Wall Street firms had been following the appeal with interest as it implied the imposition of higher legal standards on the acts of Wall Street brokers in general. The Securities Industry and Financial Markets Association had argued that a ruling in favor of the Bayou creditors could force brokers to “analyze the huge volume of trading they process along with daily transfers of funds to determine if customers are engaged in wrong-doing.”

Representatives of the SIFM did not comment upon the ruling of the appellate court.

A lawyer for the official committee of unsecured Bayou creditors said his clients are “gratified that they’re getting closer to having some of their losses covered by this victory.”

In 2005, Samuel Israel and another Bayou Group executive had pleaded guilty to criminal charges revealing the hedge fund to be a Ponzi scheme. The Bayou Group went into Chapter 11 bankruptcy in May 2006.

The unsecured creditors’ committee of Bayou filed arbitration against Goldman in 2008. Goldman used to hold accounts for Bayou as its clearing broker. The creditors alleged that Goldman Sachs had failed in its duty to detect the alleged fraud and fraudulent transfers at the hedge fund. The arbitration panel issued a $20.6 million award in favor of the creditors in 2010 and Goldman moved the matter to federal court in Manhattan for vacating the award.

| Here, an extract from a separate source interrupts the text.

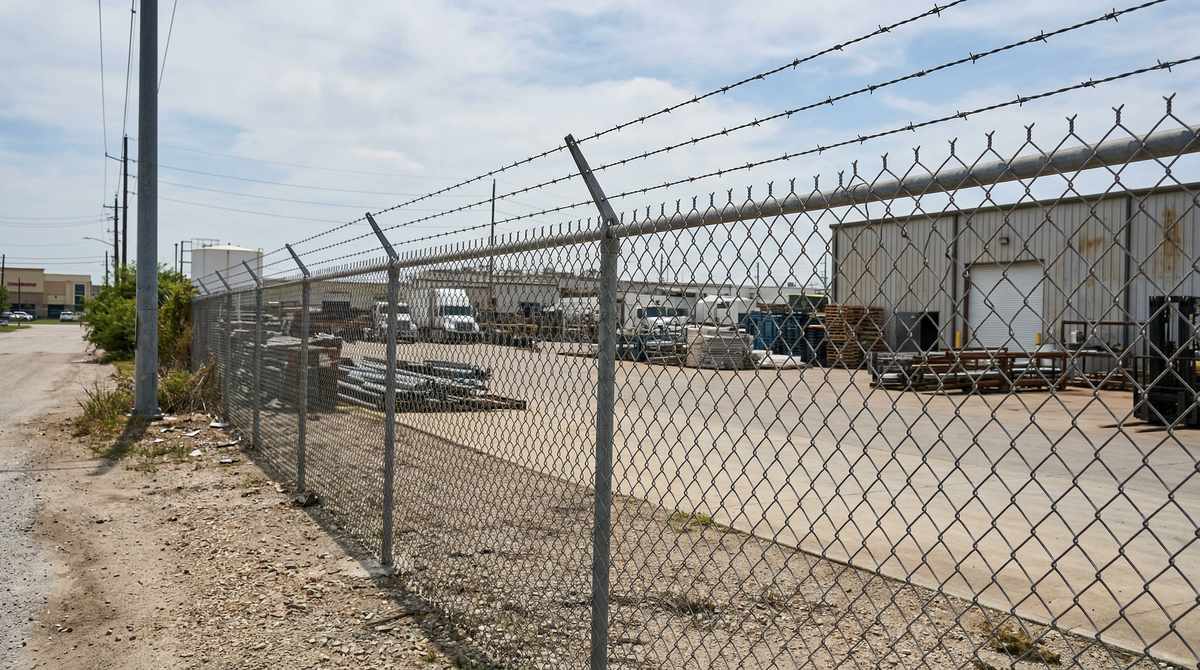 chain link fence with barbed wire - Griffin Fence Houston TX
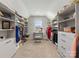 Well-organized walk-in closet featuring custom shelving, drawers, and natural light at 702 Yucatan Dr, Waxhaw, NC 28173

However, U.S. District Judge Jed Rakoff had ruled against Goldman saying it was the bank’s choice to turn to arbitration and that arbitrators had no duty to provide their reasons for a decision. The judge also held that arbitration rulings “are essentially unappealable.” At the time, judge Rakoff had written that Goldman, “having voluntarily chosen to avail itself of this wondrous alternative to the rule of reason, must suffer the consequences.” Now, the appellate court agrees to that thought.

The case is Goldman Sachs Execution & Clearing, et al. v. The Official Unsecured Creditors’ Committee of Bayou Group, LLC, U.S. Court of Appeals for the 2nd Circuit, 11-2446.